2.1.6. “User of the FitoLux LLC website (hereinafter referred to as the User) is a person who has access to and uses the FitoLux LLC website via the Internet, and uses the information, materials and products of the FitoLux LLC website

2.1.7. “Confidentiality of personal data” is a requirement that the Operator or another person who has gained access to personal data must comply with to prevent their dissemination without the consent of the subject of personal data or the presence of another legal basis.

2.1.8. “Cookies” is a small piece of data sent by the web server by faith and stored on the user’s computer, which the web client or web browser sends to the web server in an HTTP request each time an attempt is made to open a page of the corresponding site.

2.1.9. “IP address” — a unique network address of a node in a computer network through which the User gains access to the site.

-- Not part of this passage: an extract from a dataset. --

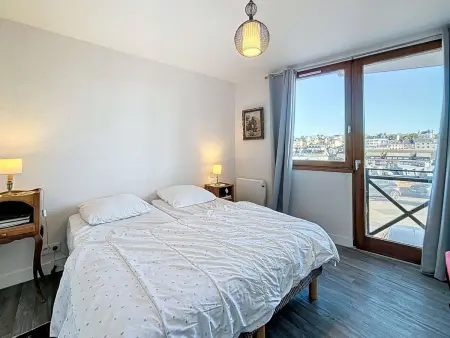 Appartement lumineux avec ascenseur, balcon et wifi gratuit à Granville - Photo 11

2.1.10. “Personal data processing” — any action (operation) or set of actions (operations) performed with the use of automation tools or without the use of such tools with personal data, including collection, recording, systematization, accumulation, storage, clarification (updating, modification), extraction, use, transfer (distribution, provision, access), depersonalization, blocking, deletion, destruction of personal data.

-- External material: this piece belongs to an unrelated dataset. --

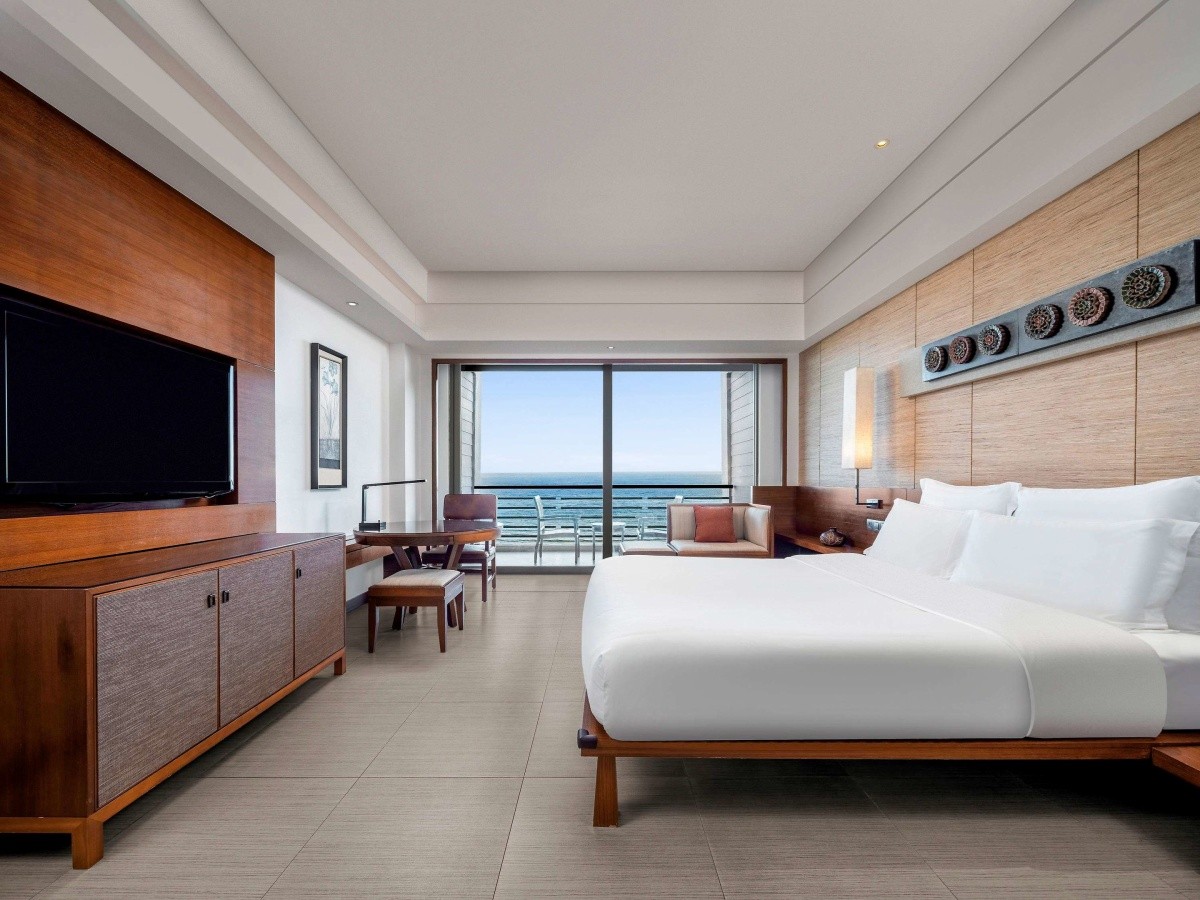 Pullman Oceanview Resort & Spa (Sanya Bay)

2.1.11. Distribution of personal data — actions aimed at disclosing personal data to an indefinite number of persons;

2.1.12. Provision of personal data — actions aimed at disclosing personal data to a specific person or a specific group of persons;

2.1.13. Depersonalization of personal data — actions as a result of which it becomes impossible to determine the ownership of personal data by a specific personal data subject without the use of additional information.

2.1.14. Blocking — temporary cessation of personal data processing (except for cases where processing is necessary to clarify personal data);

2.1.15. Destruction of personal data — actions as a result of which it becomes impossible to restore the content of personal data in the personal data information system and (or) as a result of which tangible personal data carriers are destroyed.

2.1.16. Protection of personal data — a set of technical, organizational and organizational-technical measures aimed at protecting information related to a specific or determinable personal data subject on the basis of such information.

2.1.17. Account – a record containing information necessary for identification of an individual, including in an online store, as well as information for authorization and accounting.

2.1.18. Personal data operator (Operator) – a state body, municipal body, legal entity or individual, independently or jointly with other persons organizing and (or) carrying out the processing of personal data, and also determining the purposes of processing personal data, the composition of personal data subject to processing, actions (operations) performed with personal data. Within the framework of the provisions of this Policy, FitoLux LLC acts as the Personal Data Operator.

2.1.19. Biometric personal data – information that characterizes the physiological and biological characteristics of a person, on the basis of which his identity can be established and which are used by the operator to establish the identity of the subject of personal data.

2.1.20. The Operator’s Partners are legal entities and individual entrepreneurs acting on their own behalf or on behalf of the Operator and promoting the Operator’s Services on the basis of concluded agency agreements, agreements for the provision of services for attracting clients and other agreements.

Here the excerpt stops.